Items from a dataset
-.-.-
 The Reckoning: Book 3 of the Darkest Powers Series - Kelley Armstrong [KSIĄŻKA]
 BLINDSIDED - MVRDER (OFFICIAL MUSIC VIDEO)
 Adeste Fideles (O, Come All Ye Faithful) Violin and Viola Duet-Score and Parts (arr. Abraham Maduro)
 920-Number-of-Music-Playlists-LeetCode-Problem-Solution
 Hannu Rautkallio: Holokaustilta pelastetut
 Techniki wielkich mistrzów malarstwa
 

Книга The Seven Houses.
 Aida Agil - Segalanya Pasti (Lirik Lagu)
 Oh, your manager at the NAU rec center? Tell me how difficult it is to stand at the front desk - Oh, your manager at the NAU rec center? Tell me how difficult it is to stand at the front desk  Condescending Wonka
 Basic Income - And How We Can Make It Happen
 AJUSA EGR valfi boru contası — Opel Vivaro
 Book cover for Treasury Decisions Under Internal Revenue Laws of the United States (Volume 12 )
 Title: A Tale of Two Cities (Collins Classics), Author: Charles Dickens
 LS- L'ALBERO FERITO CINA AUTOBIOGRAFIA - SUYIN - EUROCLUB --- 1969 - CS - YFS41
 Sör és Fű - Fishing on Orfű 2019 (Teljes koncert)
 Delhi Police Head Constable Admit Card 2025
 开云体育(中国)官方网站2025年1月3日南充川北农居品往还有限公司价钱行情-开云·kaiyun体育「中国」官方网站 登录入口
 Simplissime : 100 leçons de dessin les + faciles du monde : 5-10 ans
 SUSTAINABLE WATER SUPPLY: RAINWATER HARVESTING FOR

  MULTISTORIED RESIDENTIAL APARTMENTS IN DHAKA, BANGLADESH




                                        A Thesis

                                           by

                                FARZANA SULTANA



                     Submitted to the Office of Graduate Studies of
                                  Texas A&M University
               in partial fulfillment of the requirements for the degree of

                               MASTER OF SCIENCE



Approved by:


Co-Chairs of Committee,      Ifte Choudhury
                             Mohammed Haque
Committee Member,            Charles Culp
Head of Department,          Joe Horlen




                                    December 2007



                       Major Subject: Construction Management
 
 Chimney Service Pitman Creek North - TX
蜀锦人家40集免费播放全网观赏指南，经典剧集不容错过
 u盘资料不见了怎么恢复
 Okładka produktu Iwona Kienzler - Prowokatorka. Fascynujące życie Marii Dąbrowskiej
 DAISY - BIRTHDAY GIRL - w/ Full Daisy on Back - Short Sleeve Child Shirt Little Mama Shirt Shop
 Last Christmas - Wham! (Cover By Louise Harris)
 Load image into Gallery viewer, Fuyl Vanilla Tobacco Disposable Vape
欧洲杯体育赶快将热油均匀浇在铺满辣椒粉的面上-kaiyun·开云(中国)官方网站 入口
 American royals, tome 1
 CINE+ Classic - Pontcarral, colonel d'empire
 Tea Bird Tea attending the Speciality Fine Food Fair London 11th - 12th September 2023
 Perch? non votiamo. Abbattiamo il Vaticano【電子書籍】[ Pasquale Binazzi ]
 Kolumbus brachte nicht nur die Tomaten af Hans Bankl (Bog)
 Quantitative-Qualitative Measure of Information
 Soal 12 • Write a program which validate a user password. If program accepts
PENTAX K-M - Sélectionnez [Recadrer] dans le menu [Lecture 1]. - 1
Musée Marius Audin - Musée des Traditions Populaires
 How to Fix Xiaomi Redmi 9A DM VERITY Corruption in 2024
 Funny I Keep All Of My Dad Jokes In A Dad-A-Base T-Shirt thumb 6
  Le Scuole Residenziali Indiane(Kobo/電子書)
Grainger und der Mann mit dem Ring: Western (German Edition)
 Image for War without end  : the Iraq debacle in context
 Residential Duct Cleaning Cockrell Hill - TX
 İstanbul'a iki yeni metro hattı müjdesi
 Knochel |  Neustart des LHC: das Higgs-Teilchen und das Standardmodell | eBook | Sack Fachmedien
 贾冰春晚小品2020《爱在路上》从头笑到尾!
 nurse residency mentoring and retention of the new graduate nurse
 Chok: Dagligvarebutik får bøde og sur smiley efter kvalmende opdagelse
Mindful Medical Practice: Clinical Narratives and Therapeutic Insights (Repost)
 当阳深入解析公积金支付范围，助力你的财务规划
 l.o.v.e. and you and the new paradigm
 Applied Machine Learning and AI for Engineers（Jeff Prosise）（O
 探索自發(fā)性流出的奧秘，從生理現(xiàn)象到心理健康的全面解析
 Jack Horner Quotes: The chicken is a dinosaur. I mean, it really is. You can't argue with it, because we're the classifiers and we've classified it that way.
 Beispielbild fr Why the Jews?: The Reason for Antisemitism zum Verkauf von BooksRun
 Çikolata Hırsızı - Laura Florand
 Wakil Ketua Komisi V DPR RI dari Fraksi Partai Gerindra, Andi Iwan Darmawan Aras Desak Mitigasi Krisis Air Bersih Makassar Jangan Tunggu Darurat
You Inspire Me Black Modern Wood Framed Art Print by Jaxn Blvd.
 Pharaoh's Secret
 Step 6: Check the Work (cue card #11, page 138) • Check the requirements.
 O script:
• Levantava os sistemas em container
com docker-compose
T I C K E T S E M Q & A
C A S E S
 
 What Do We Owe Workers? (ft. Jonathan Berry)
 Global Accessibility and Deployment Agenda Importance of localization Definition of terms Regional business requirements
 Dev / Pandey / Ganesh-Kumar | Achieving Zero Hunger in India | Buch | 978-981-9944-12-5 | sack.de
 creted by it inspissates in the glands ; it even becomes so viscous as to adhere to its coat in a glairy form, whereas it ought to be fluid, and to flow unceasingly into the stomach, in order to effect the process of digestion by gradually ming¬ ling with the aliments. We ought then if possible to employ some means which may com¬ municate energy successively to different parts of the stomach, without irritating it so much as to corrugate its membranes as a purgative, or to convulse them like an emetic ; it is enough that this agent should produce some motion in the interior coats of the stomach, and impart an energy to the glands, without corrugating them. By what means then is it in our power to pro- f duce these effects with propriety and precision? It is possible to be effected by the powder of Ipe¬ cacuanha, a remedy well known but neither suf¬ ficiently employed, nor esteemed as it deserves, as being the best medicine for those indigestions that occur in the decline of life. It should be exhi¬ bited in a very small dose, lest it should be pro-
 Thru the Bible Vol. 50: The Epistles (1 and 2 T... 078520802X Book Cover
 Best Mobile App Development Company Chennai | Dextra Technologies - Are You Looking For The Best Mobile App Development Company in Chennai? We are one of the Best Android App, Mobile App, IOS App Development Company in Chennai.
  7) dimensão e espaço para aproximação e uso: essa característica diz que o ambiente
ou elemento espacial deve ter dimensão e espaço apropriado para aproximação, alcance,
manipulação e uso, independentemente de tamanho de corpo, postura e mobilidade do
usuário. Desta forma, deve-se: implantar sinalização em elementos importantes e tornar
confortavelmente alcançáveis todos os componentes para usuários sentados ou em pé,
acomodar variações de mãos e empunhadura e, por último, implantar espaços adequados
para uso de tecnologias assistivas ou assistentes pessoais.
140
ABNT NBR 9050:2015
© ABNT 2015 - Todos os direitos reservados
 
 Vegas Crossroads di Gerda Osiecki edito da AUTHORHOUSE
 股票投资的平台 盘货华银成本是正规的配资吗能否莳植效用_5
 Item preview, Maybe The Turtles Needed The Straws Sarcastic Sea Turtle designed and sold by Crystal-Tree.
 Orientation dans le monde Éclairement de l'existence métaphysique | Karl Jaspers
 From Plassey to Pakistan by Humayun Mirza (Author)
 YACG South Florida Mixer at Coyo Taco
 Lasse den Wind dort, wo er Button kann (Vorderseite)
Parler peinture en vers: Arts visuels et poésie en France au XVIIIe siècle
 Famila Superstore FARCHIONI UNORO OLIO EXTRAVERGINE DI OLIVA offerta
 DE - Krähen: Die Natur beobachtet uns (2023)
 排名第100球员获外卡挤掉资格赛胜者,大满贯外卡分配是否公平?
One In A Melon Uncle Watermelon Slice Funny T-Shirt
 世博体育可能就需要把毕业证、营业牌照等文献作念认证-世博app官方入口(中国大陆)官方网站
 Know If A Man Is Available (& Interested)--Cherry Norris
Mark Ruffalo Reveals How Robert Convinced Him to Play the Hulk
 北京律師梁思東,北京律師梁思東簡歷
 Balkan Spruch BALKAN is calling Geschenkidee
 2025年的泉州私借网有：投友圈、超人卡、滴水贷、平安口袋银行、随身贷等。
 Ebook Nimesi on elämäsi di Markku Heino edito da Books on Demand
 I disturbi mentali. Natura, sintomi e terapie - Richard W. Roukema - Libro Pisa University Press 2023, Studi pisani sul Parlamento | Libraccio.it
-.-.-
## WORK ITEM
Please reproduce, exactly as they appear above, the lines from the line containing "Image for War" up to and including the line containing "探索自發(fā)性流出的奧秘，從生理現(xiàn)象到心理健康的全面解析".

## TASK ANSWER
 Image for War without end  : the Iraq debacle in context
 Residential Duct Cleaning Cockrell Hill - TX
 İstanbul'a iki yeni metro hattı müjdesi
 Knochel |  Neustart des LHC: das Higgs-Teilchen und das Standardmodell | eBook | Sack Fachmedien
 贾冰春晚小品2020《爱在路上》从头笑到尾!
 nurse residency mentoring and retention of the new graduate nurse
 Chok: Dagligvarebutik får bøde og sur smiley efter kvalmende opdagelse
Mindful Medical Practice: Clinical Narratives and Therapeutic Insights (Repost)
 当阳深入解析公积金支付范围，助力你的财务规划
 l.o.v.e. and you and the new paradigm
 Applied Machine Learning and AI for Engineers（Jeff Prosise）（O
 探索自發(fā)性流出的奧秘，從生理現(xiàn)象到心理健康的全面解析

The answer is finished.